Three British officers have undertaken such a task and brought it to a successful conclusion: the Duke of Marlborough, the Duke of Wellington and Field-Marshal Lord Haig.

So that is our category; that is where Haig belongs. Perhaps before we go any further, a little potted biography may be in order. Haig was born in 1861. He was at Clifton College from 1875 to 1879 where, we are told, he '...... did not distinguish himself either at work or at athletics.' He went to Brasenose College, Oxford, in 1880 and passed all the requisite BA examinations, but lacked the residential qualification to take the degree. In 1882 and 1883 he played polo for Oxford against Cambridge. He went to Sandhurst in 1884 and passed out first in order of merit with the Anson Memorial sword. Sandhurst's highest honour. He was commissioned into the 7th Hussars in 1885 aged 24 - rather old for a new subaltern. In 1886 he played polo for England against America; England won 14-2, 10-4. He became adjutant of the regiment in 1888 which shows that he took his profession seriously from the first. He went to the Staff College in 1896-97. He was now 36 years old and still a captain; as I said in Douglas Haig '... it could hardly be said, as he emerged from the Staff College, that Fortune had recklessly lavished her attentions on Douglas Haig.' But six years later, in 1904, he was a major general. This was a dramatic change in the tempo of advancement - what caused it? The answer is very simple; active service, the true test of the soldier; active service in the Sudan Campaign 1898 and in the South African War, 1899-1902. When the wars were over, Haig became: Colonel, 17th Lancers, 1902; Inspector General of Cavalry in India, 1903; assistant to Mr. Haldane at the War Office, 1906; Chief of Staff India, 1909; Commander, Aldershot Corps, 1912; Commander, I Corps, BEF August 1914; Commander, First Army, December 1914; C in C, December 1915. He came home in April 1919 and commanded Home Forces until that post was abolished in 1920. Thereafter he held no further active command or official post, but in 1921 he became the founder of the British Legion, and spent the remainder of his life in its service. He died in 1928. With these biographical details in mind, the argument about Haig is very much a matter of where you start.

Somme and Passchendaele


The whole case against Haig could be boiled down to two words: Somme and Passchendaele, the costliest battles fought under his command or by the British Army at any time.

The Battle of the Somme in 1916 cost the British Army 420,000 casualties in four and a half months, 57,000 on the first day alone, the worst single-day disaster in British history until 85,000 British troops went into murderous captivity on 15 February 1942 in Singapore. But the Somme itself was the costliest battle in our history.

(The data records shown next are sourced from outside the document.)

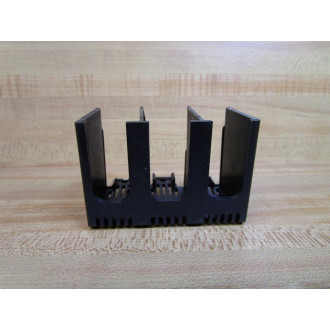 Terasaki T2CF053NLNBA Fuji Terminal Cover BZ6TB10C-3 (Pack of 2)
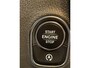 Mercedes-Benz Sprinter L2H2 Automaat Airco Cruise Navi Camera PDC Imperiaal Trekhaak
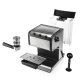 Tristar CM-2273 Macchina caffè espresso 5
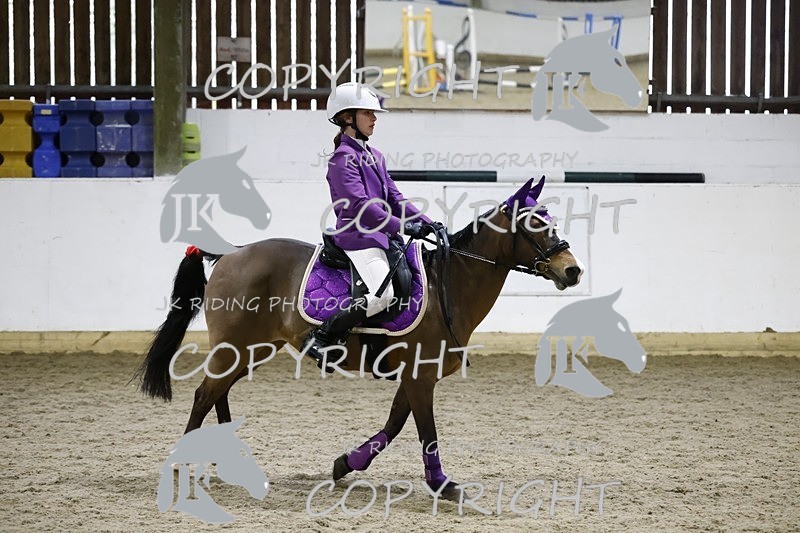 _R6A4676 - Class 4 50cm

At Passchendaele (Third Ypres, 1917) the BEF lost nearly a quarter of million casualties in three and a half months. This was a lot less bad - but the unspeakable conditions of much of the battle ruled out any gratification. In each case, huge losses, great suffering, small apparent gains, profound disappointment. And that is the usual starting point for discussing Haig. I propose to take a different one. I propose to go backwards: to begin at Armistice Day, 11 November 1918, the day the war ended. What was the position of Haig's army on that day? It amounted to nearly two million men of the British Empire - the largest land force in the Empire's history. And they had just reached the end of a 'Hundred Days' Campaign' as glorious and decisive as that of 1815 which concluded the Battle of Waterloo - but infinitely less known. It was, in fact an unparalleled achievement in the history of the British Army. revealed by the stark statistics: between 8 August and 11 November the British took 188,700 prisoners, 2,840 guns; all other allies together took 196,700 prisoners, 3,775 guns - that is to say, the British took just under 50% of the prisoners and just over 40% of the guns. And this was done in nine successive victories which were largely instrumental in bringing the war to an end in 1918 - and a consummation that Haig was determined to bring about.

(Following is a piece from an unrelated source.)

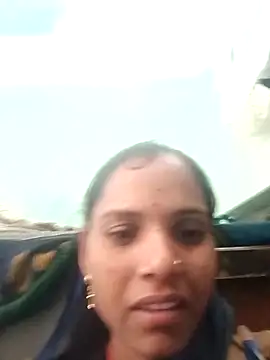 Sapnaroy1213 online show from 04.14.26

Blenheim, Ramillies, Oudenarde, and Malplaquet or Talavera, Salamanca, Vittoria and Waterloo

These victories should be as famous as Blenheim, Ramillies, Oudenarde, and Malplaquet or Talavera, Salamanca, Vittoria and Waterloo. Instead, they are forgotten and unknown, so I will list them now: The Battle of Amiens, 8 August 1918 ('the black day of the German Army'); The Battle of Albert, 21 August (the day on which Haig told Churchill 'we ought to do our utmost to get a decision this autumn'); The Battle of the Scarpe, 26 August; The Battles of Havrincourt and Epehy, 12 September (the approaches to the HindenburgLine); The Breaking of the Hindenburg Line, 27 September - 5 October (35,000 prisoners & 380 guns taken, the British Army's greatest feat of arms in all its history); The Battle of Flanders, 28 September; The Second Battle of Le Cateau, 6 October; The Battle of the Selle, 17 October; The Battle of the Sambre, 1-11 November.

These were Haig's victories, handsomely acknowledged by Marshal Foch:

Never at any time in history has the British Army achieved greater results in attack than in this unbroken offensive ....

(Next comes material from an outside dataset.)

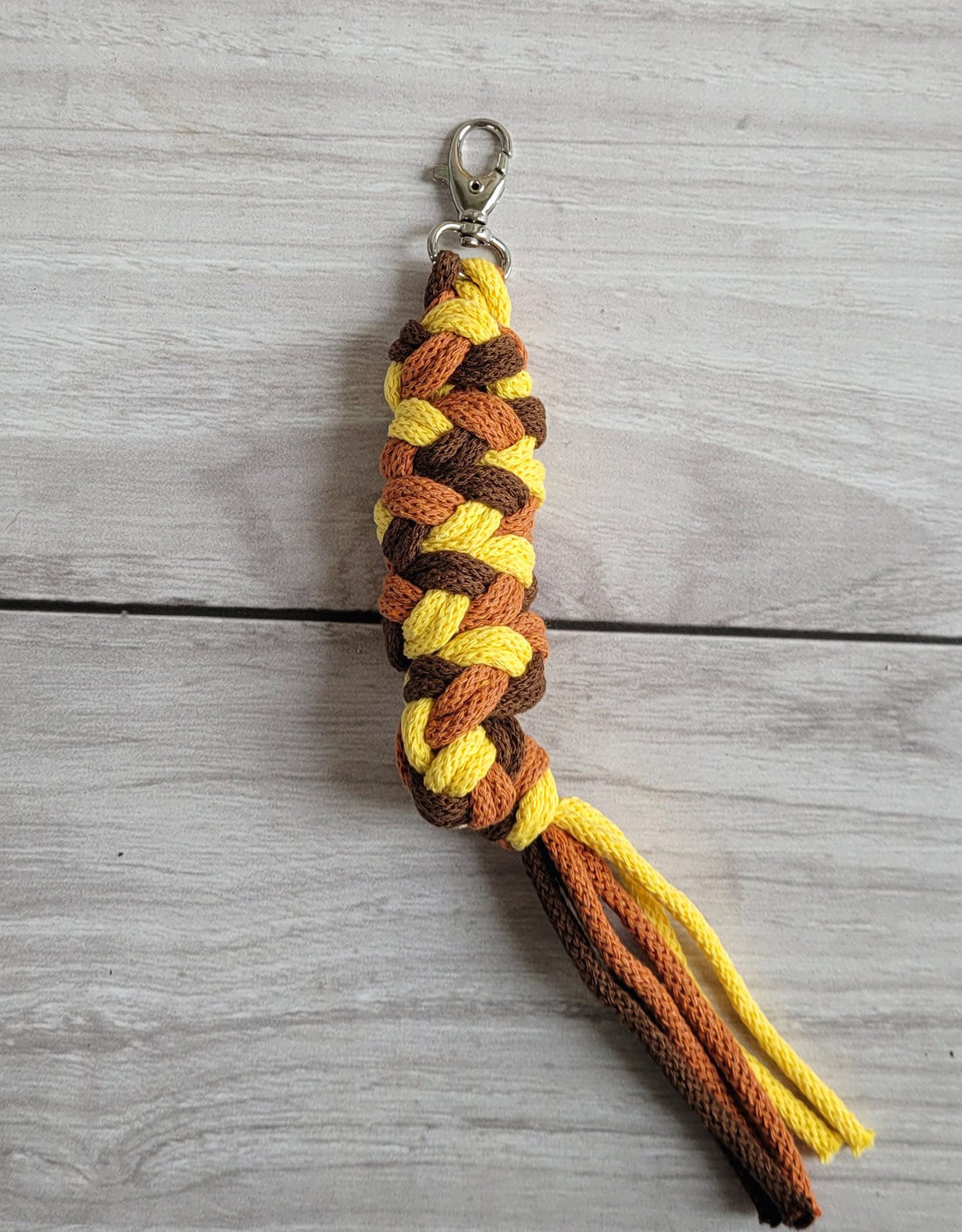 Dubbelkoppel för hobbyhäst - handgjorda tyglar - extra slitstarka och bekväma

The victory was indeed complete, thanks to the Commanders of Armies, Corps and Divisions, thanks above all to the unselfishness, to the wise, loyal and energetic policy of their Commander-in-Chief, who made easy a great combination and sanctioned a prolonged and gigantic effort.

Haig's own comment was characteristic:

'It would be impossible to devise a more eloquent testimony to the unequalled spirit and determination of the British soldier, of all ranks and Services.'

I would suggest that this is the only proper starting-point for a true estimation of Haig. The cost of defeating the German Army has never been light. The cost of 1918, the Year of Victory, was 853,361 officers and men of the British Expeditionary Force, of whom 111,475 were killed (13.06%). Some 350,000 of these casualties (of whom about 46,000 would have been killed) were incurred during the period of the 'Hundred Days of Victory'.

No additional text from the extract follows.